Sunday, October 19, 2008

We Graduated!!


Yay! We made it. One whole weekend, approximately 16 hours in total. I think our behinds grew a bit from sitting and eating.

Friday, October 03, 2008

When it is not the season to work

So yes, I am aware that I do not update my blog as often as some people do - you'd probably know that it's because I do have a day job to keep. Now, what do I write about?

Its exactly 2 months to the big day. But I shan't write about that, coz everyone has had enough wedding stories and heartwarming pictures.

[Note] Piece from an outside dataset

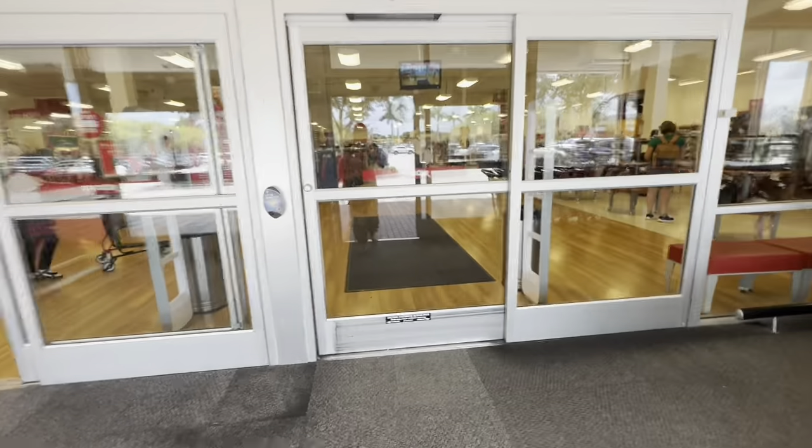Hello my beautiful shopping buddies, welcome back! Today is Max Monday — we are going to be browsing TJ Maxx. Let's go shopping!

Hmm... Christmas? All I can say right now is that it's kicking in, so anticipate great things. It's going to be great and we just need to put our hearts into it and pray that God's hand works through us. (Although part of me wishes I don't have to co-ordinate it - I do have a wedding coming up smack in the middle of it... patience patience...)

Ok, I've got it.

Recently, 2 friends of mine found out that their unborn baby has a birth defect - something called Congenital Diaphragm Hernia. (Yes yes, go Google it.) Initially, knowing very little about what's happening, it alarmed a lot of us and I didn't really know what to say to my friends or how to pray for their baby. I cried and I avoided talking to them because I knew I would tear up if I spoke to them about it.

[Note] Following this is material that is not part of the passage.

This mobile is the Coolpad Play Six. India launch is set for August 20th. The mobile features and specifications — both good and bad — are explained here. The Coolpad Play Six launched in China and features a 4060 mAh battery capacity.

When I finally saw them and talked to them about it, I was amazed at how calm they were and how they appear to be unaffected. Their great faith in God who loves and gives only good things was helping them through this trying time. I am greatly encouraged at how they are positive about it and how they are so sure that however things turn out, it will be for good because God is in control and is holding their baby in His hands.

We prayed and prayed for them. I never ceased to cry every time. But I see what it means to have faith in God - it is not a "Christian jargon", it is something one sees in action when times are trying. And I saw faith in action through this. They were affected, of course, there were tears, there was sadness, but they came back to the realization that the God they trust will not fail them.

I know now that however things turn out for them, the baby will be fine and more importantly, live to bear a testimony about how God held her life in His hand and how God assured her parents that everything will be fine and how she survived her birth defect.

I now cry, not because I'm sad or disappointed or bewildered, but because I'm touched and awed to see how when God says He loves His child, He goes all the way for her.